● Task brief:
Copy every record exactly as it appears in the data below.

● Supplied records:
★ ★ ★ ★ ★ ★ ★
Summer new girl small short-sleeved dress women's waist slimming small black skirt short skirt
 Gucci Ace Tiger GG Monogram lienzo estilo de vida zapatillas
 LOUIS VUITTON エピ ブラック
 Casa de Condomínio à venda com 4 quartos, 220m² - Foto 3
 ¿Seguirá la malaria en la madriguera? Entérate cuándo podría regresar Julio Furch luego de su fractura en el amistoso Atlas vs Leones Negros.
★ ★ ★ ★ ★ ★ ★
● Solution to this task:
Summer new girl small short-sleeved dress women's waist slimming small black skirt short skirt
 Gucci Ace Tiger GG Monogram lienzo estilo de vida zapatillas
 LOUIS VUITTON エピ ブラック
 Casa de Condomínio à venda com 4 quartos, 220m² - Foto 3
 ¿Seguirá la malaria en la madriguera? Entérate cuándo podría regresar Julio Furch luego de su fractura en el amistoso Atlas vs Leones Negros.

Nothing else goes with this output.